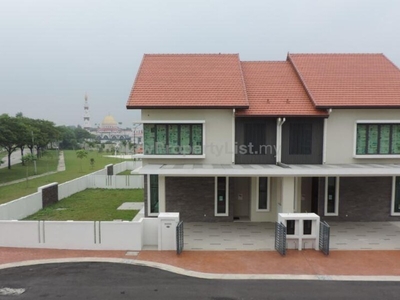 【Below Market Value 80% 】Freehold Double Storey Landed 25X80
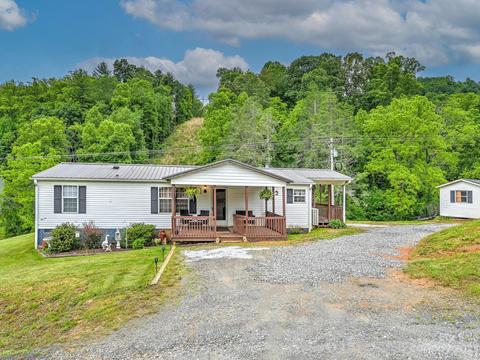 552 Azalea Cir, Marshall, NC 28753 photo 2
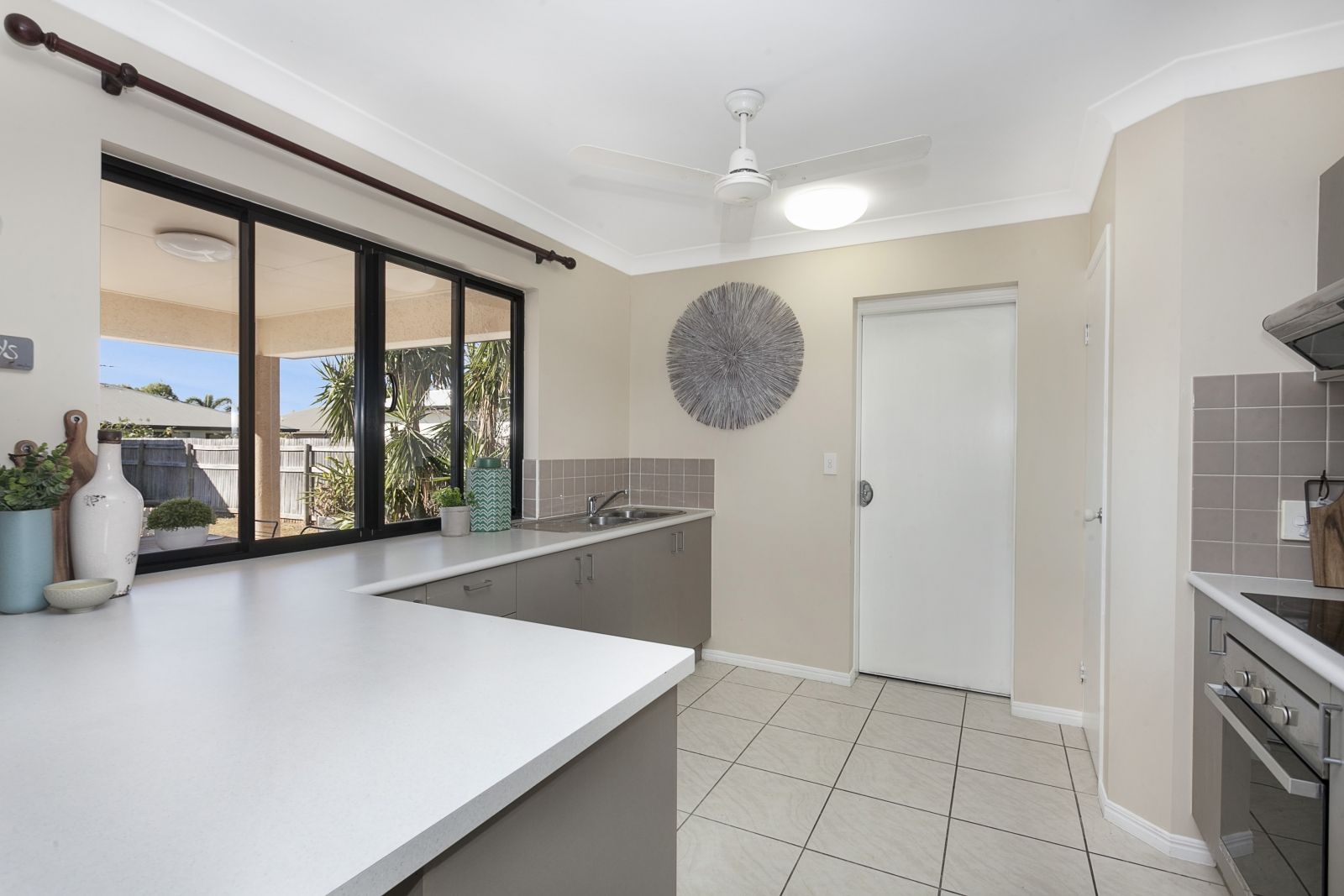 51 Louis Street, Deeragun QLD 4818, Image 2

...

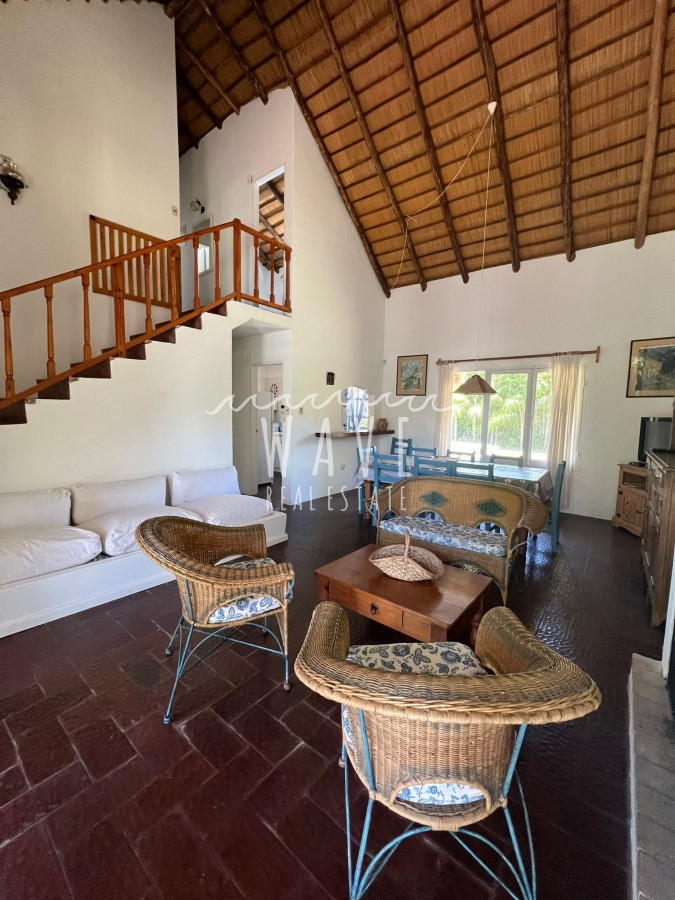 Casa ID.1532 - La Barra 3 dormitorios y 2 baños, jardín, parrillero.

→ **Problem to work on**: The output is the stretch above from the line with "Storey Landed 25X80" through the line with "51 Louis Street, Deeragun QLD 4818, Image 2", copied word for word with both ends kept and every picture dropped.

→ **Response below**:
 【Below Market Value 80% 】Freehold Double Storey Landed 25X80
 552 Azalea Cir, Marshall, NC 28753 photo 2
 51 Louis Street, Deeragun QLD 4818, Image 2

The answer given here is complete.